Adaptive Transformers in RL
Official implementation of Adaptive Transformers in RL
In this work we replicate several results from Stabilizing Transformers for RL on both Pong and rooms_select_nonmatching_object from DMLab30.
We also extend the Stable Transformer architecture with Adaptive Attention Span on a partially observable (POMDP) setting of Reinforcement Learning. To our knowledge this is one of the first attempts to stabilize and explore Adaptive Attention Span in an RL domain.
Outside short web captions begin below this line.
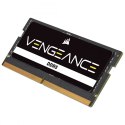 Pamięć DDR5 Vengeance 24GB/4800 (1*24) CL40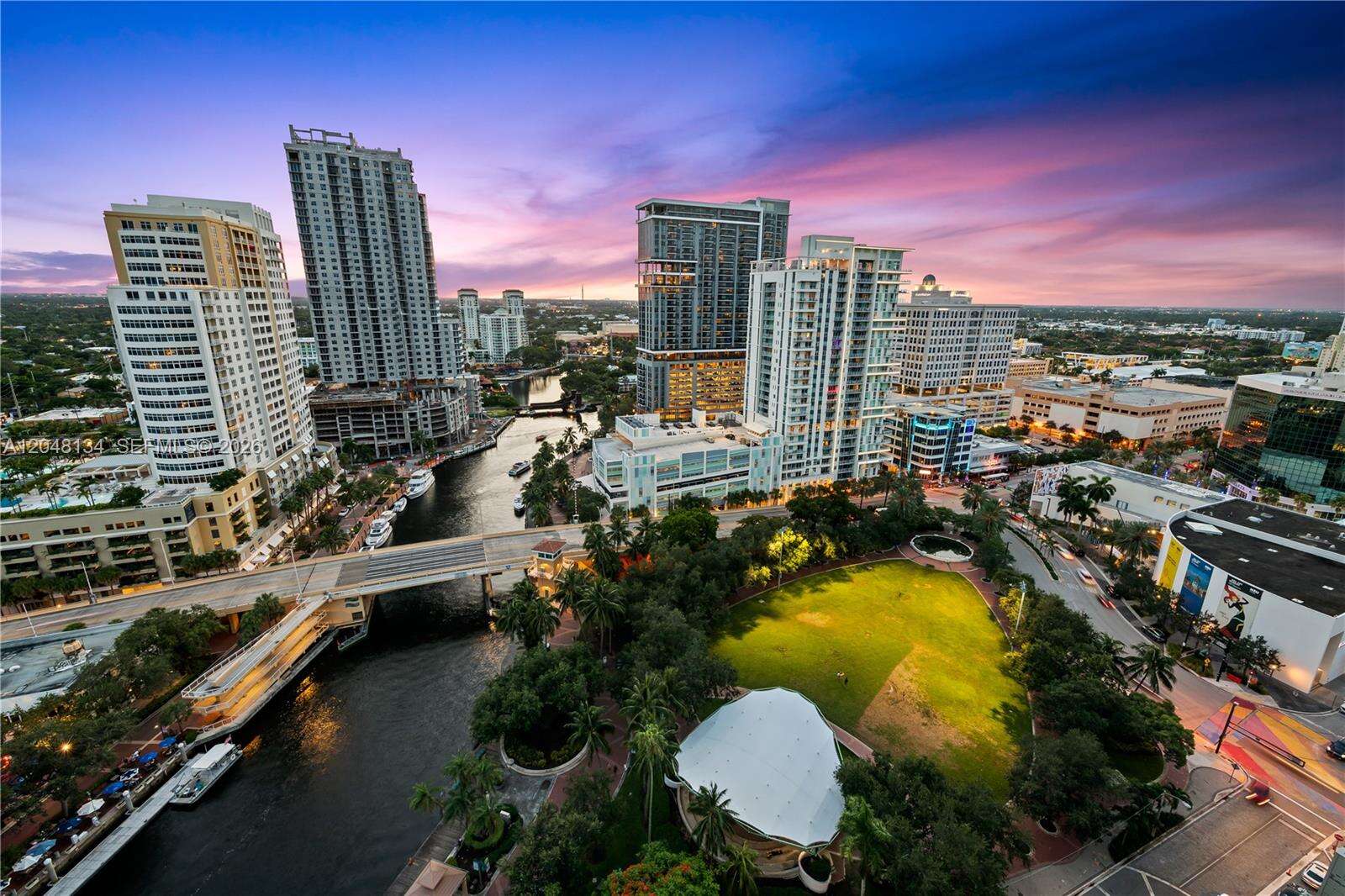 Las Olas River House at 333 Las Olas Way, Fort Lauderdale, FL 33301 - For Rent photo 89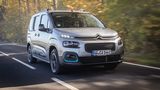 Citroen e-Berlingo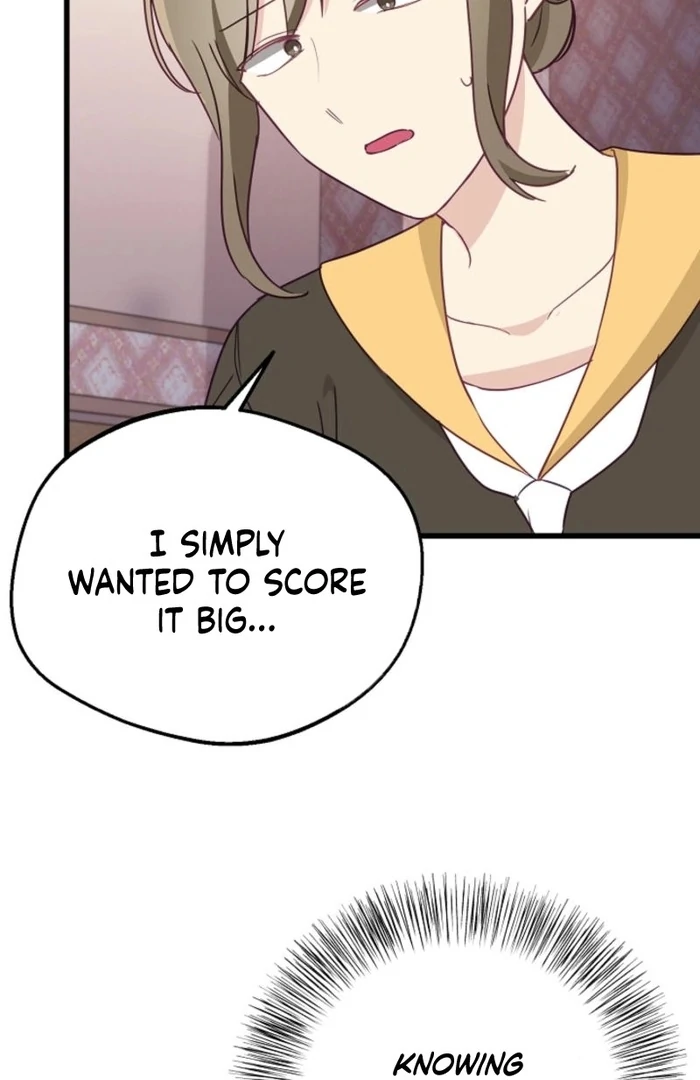 The Villainess is Busy Baking Bread! chapter 27 page 65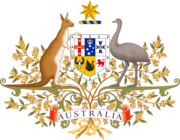 Coat of arms of the Commonwealth of Australia.svg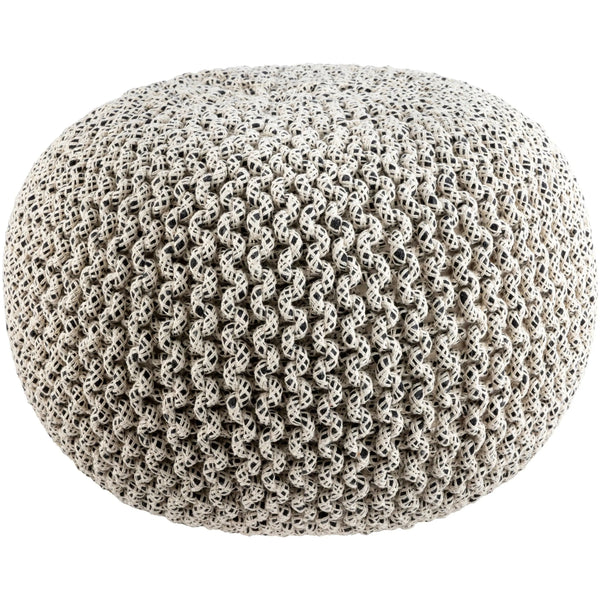 Pouf Gravité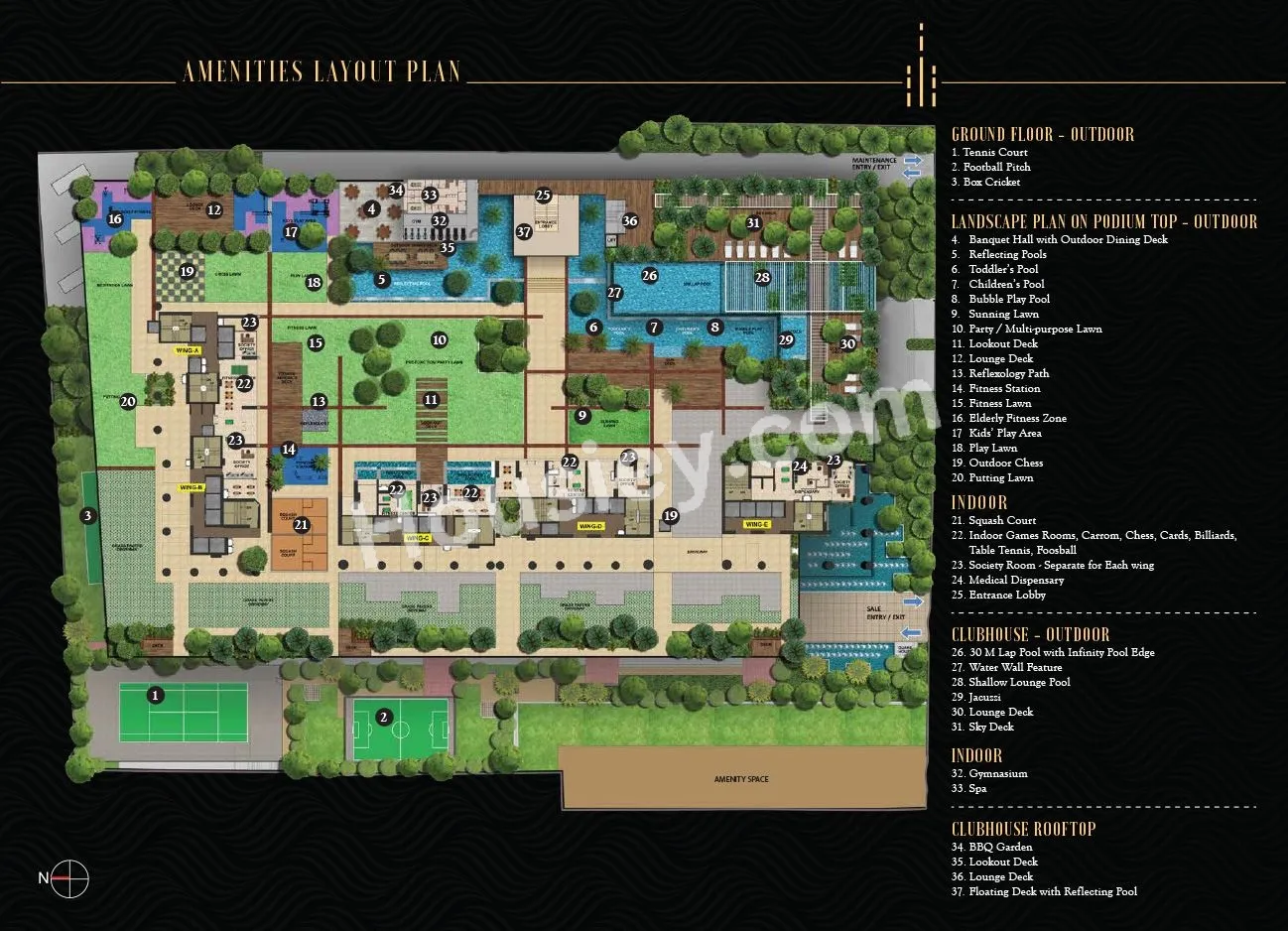 Master Plan 1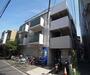 ｋｅｙ—ｈｏｕｓｅ今出川 3階 築41年2ヶ月の賃貸物件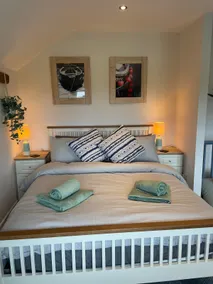 Cosy cottage, dog friendly - Image 5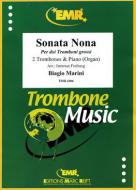 Sonata Nona Standard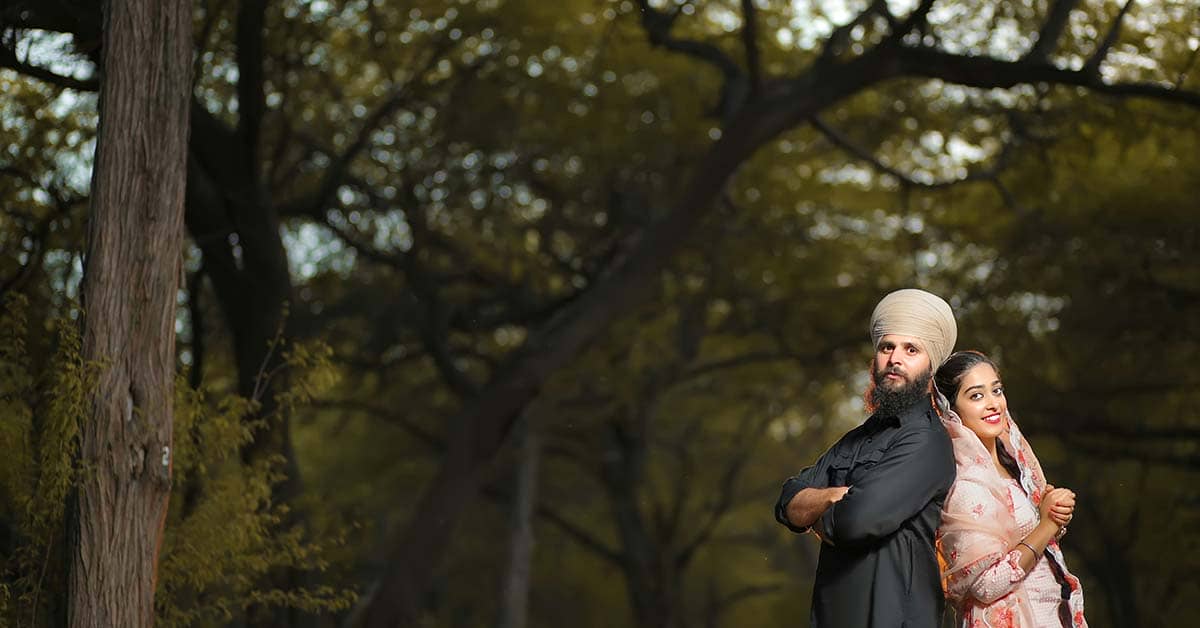 Wedding Photographers Guide to Off Season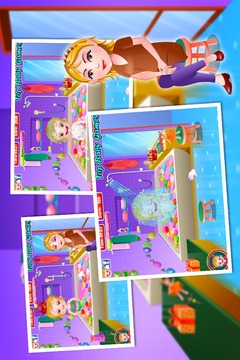 Baby Hazel Ballerina Dance游戲截圖1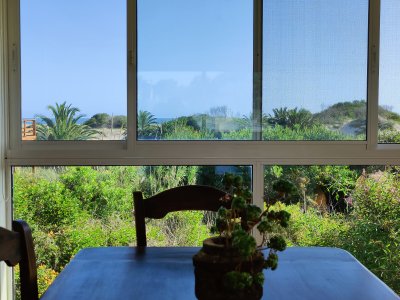 Casa ID.294 - Tu refugio soñado en Balneario Las Flores, a pasos de la playa y con vista al mar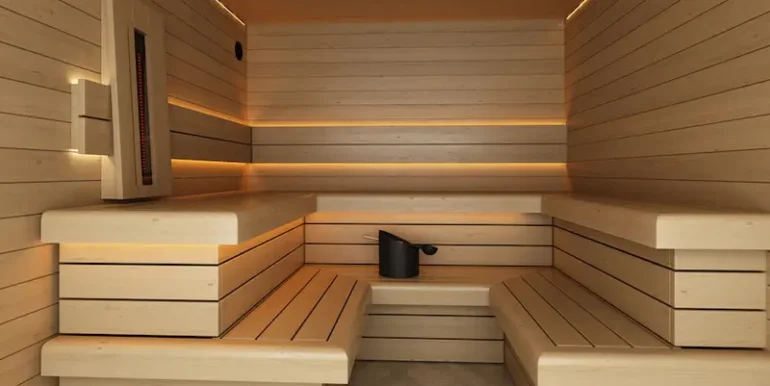 Preiswerte Meerblick Wohnungen Kaufen Türkei MD99 9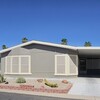 Mobile Home for Sale: 2 Bed 2 Bath 1996 Palm Harbor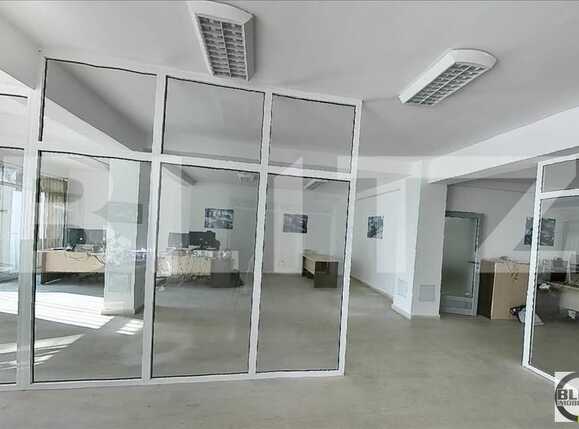 Spațiu birouri de închiriat Central - 21266SIB | BLITZ Cluj-Napoca | Poza4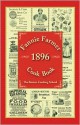 Fannie Farmer 1896 Cook Book - Fannie Merritt Farmer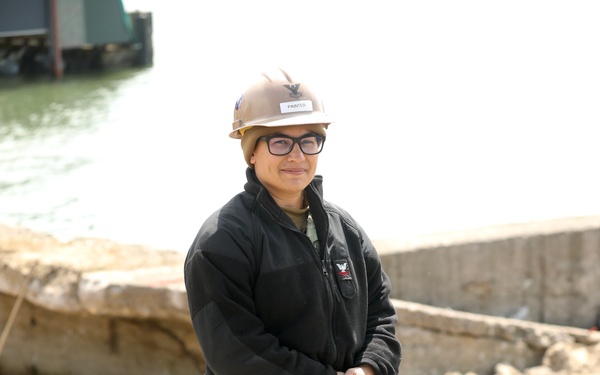 NCB 14 Portraits - BALTOPS25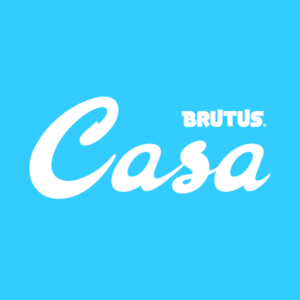 Casa BRUTUSの電子版が定期購読できるアプリが登場！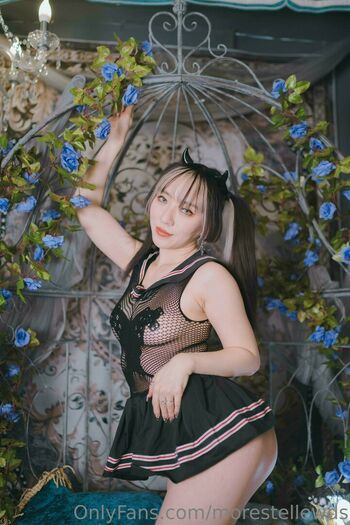 Stella Chuu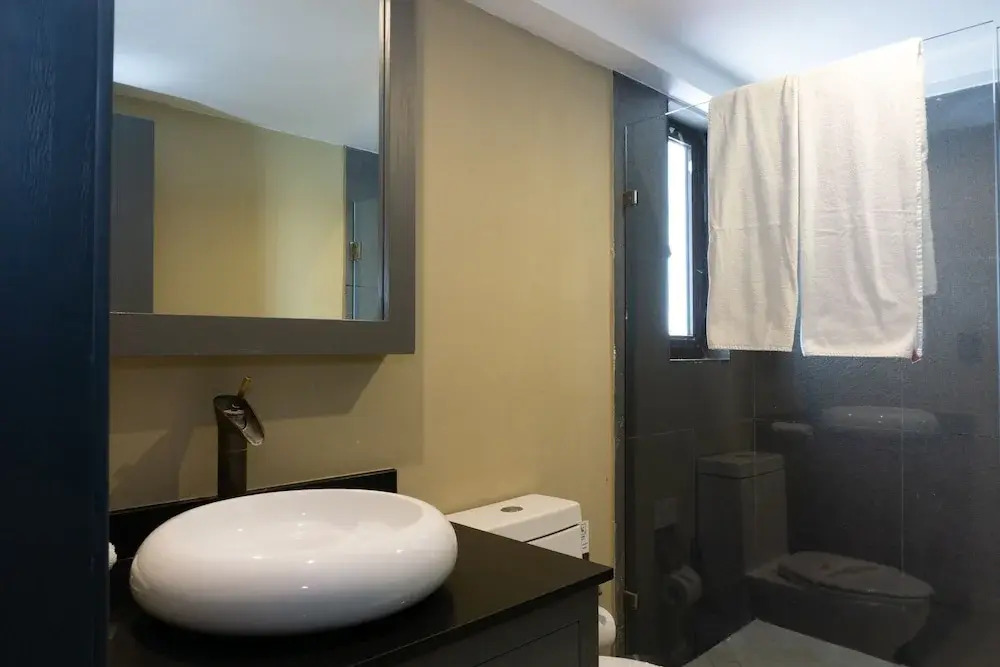 Lotus 8 Playa del Carmen Penthouse feat Oceanview Private Roof Terrace by RedAwning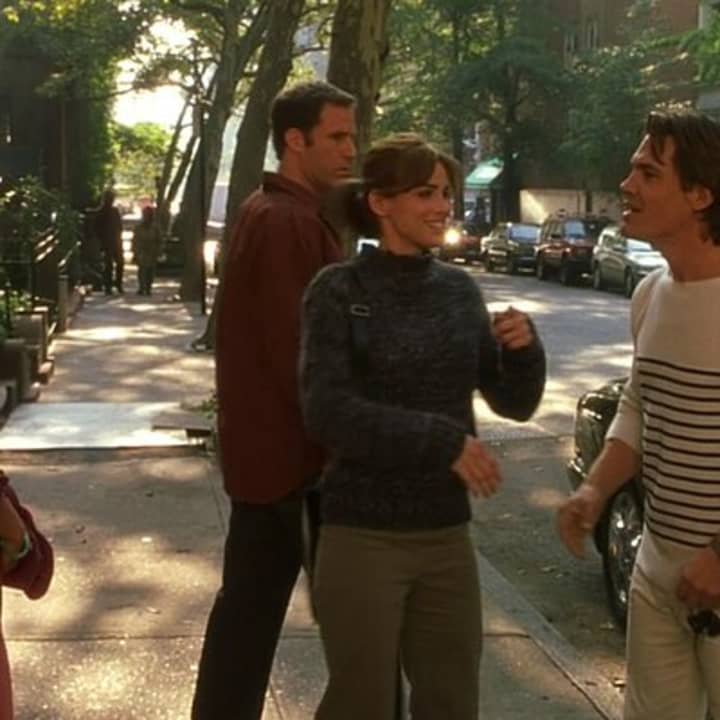 5º & Park - Película & Recorrido de ficción a pie por Carnegie Hill a lo largo de la Milla de los Museos - Imagen 17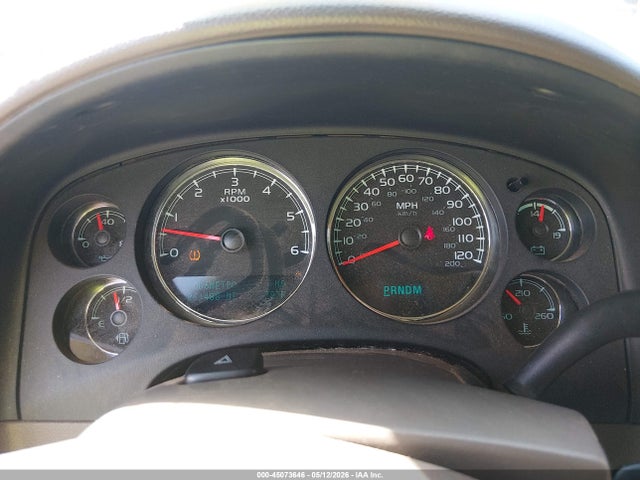 GMC Yukon Slt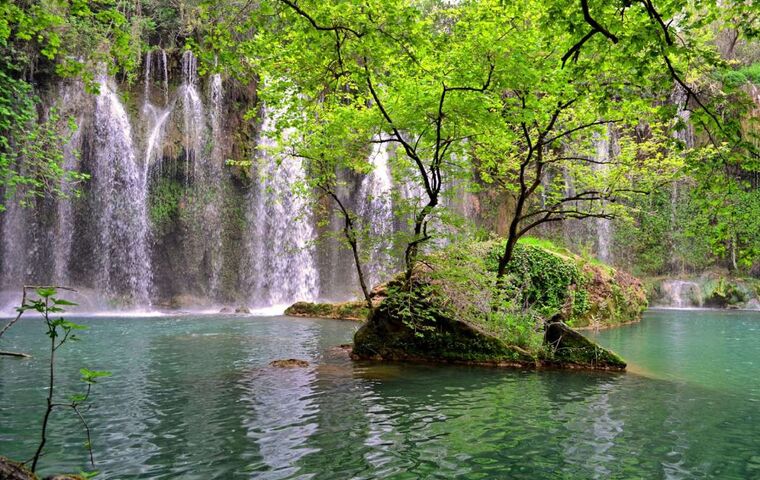 ANTALYA 3 GECE 3 GÜN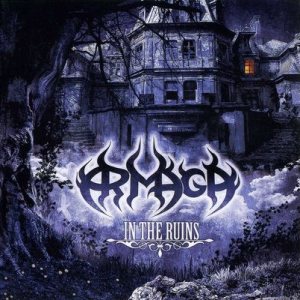 Armaga - In the Ruins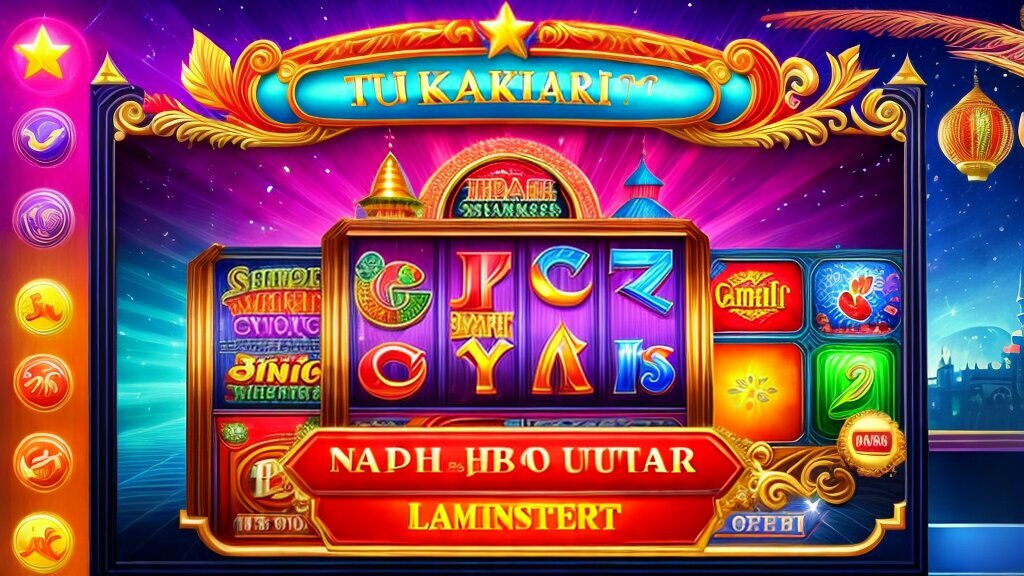 en iyi para veren slot oyunları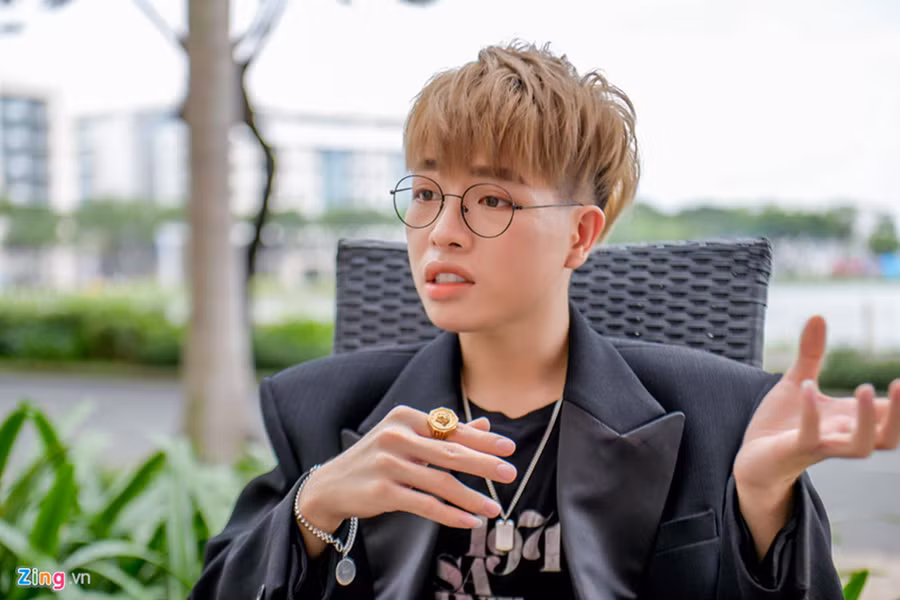 Đức Phúc ở tuổi 23 có xe xịn, nhà vài tỷ đồng và 10 sổ tiết kiệm-4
Steps to replicate what we did on your own machine
-
Downloading DMLab:
- Build DMLab package with Bazel– https://github.com/deepmind/lab/blob/master/docs/users/build.md
- Install the python module for DMLab– https://github.com/deepmind/lab/tree/master/python/pip_package
-
Downloading Atari: Getting Started with Gym– http://gym.openai.com/docs/#getting-started-with-gym
-
Execution notes:
- The experiments take around 4 hours on 32vCPUs and 2 P100 GPUs for 6 million environment interactions. To run without a GPU, use the flag “--disable_cuda”.
- For more details on other flags, see the top of train.py (include a link to this file) which has descriptions for each.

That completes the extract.